Buna High vs. Penn State: A “Brand” New Equation
The recent scandals that are racking Penn State right now have brought up an interesting dilemma of which Buna High High School no longer has to worry about being associated with (other than this blog post and all the past hoopla over copyright infringement and cease and desists that will remain searchable on the innerwebs). Right now, I would imagine any school or athletic association involving young boys that may have been “inspired” to use the Penn State Nittany Lion logo are now (or should be) scrambling to divest themselves of any connection to this brand. Because the Penn State Nittany Lion as a brand, now represents a tarnished, dare I say, trashed brand that will invoke emotions of outrage and scandal for many years to come.
If ever there was a case study involving the value of a brand through the loss of its value through an overnight scandal (albeit one that took over 12 years to come to full light) this is one of the best, or worst as the case may be. For Buna High School’s sake, I’m very glad that they were able to divest themselves of at least the visual attachment to a now tainted (to put it mildly) image and have been able to establish their own, unique identity in their region of high school athletics.

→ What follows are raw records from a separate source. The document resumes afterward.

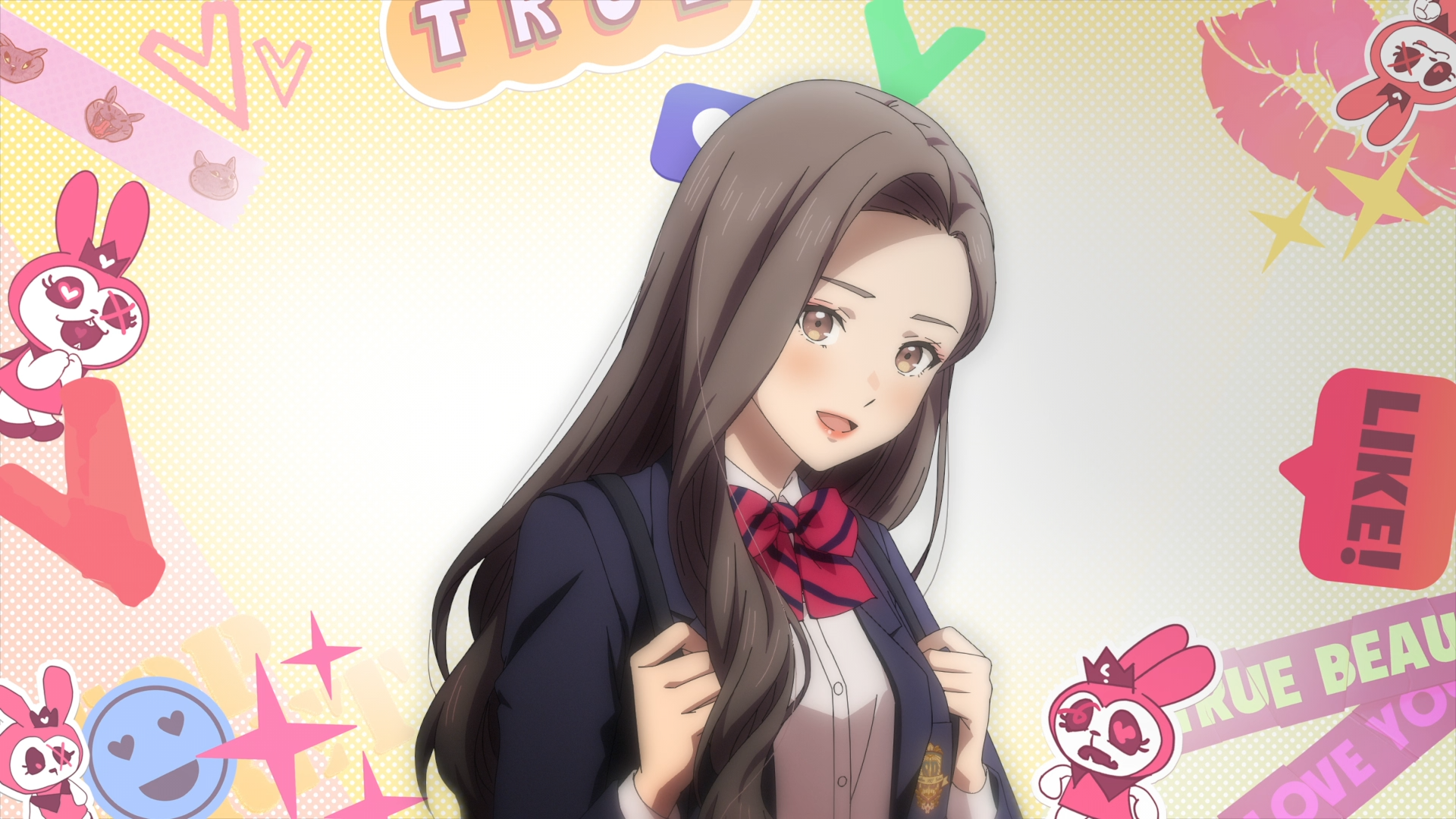 Anime-style HD PC desktop wallpaper featuring Jugyeong Lim from True Beauty, surrounded by colorful, playful graphic elements and light pastel backgrounds.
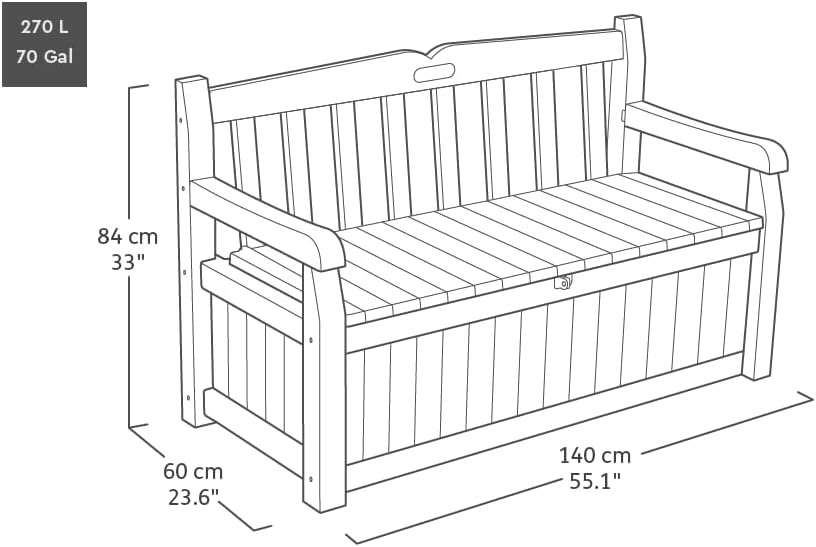Outdoor Garden Storage Bench 265L Lockable Deck Box Seat Weatherproof
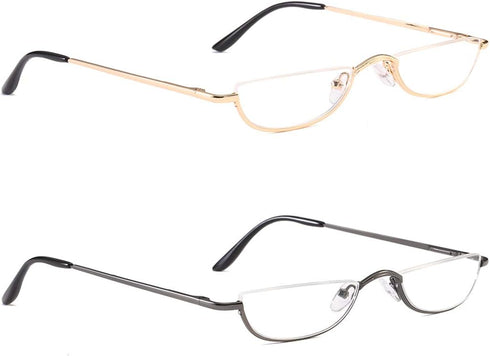 Half Frame Reading Glasses, Half Metal Moon Readers for Women Men 2 Pairs 1.75...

Not that anyone could have had the foresight to have even guessed that something like this might happen to any brand, but it definitely heightens the reality and liability that comes from associating one organizational entity with any other brand that is not within your control. It is exactly the inverse of why most schools that are tempted to “borrow” or be “inspired” by the current good brand image of any other sports-related mascot or brand, in order to benefit from the good design and good image that has been established. The flip-side of that coin, which is now in full-display in regards to Penn State, is that if anything ever does happen to tarnish a brand to that degree, it will also have its residual impact on whatever organization had thought to infringe upon the previous good will that had been created with that brand.
All that is to say, that if any organization chooses to infringe upon another organization’s brand image in order to take advantage of whatever perceived positives there may be, that it has to take the good with the bad. And in this case, the bad is really, really bad. Thankfully, Buna High School does not have to share that bad image with Penn State any longer. Go Cougars!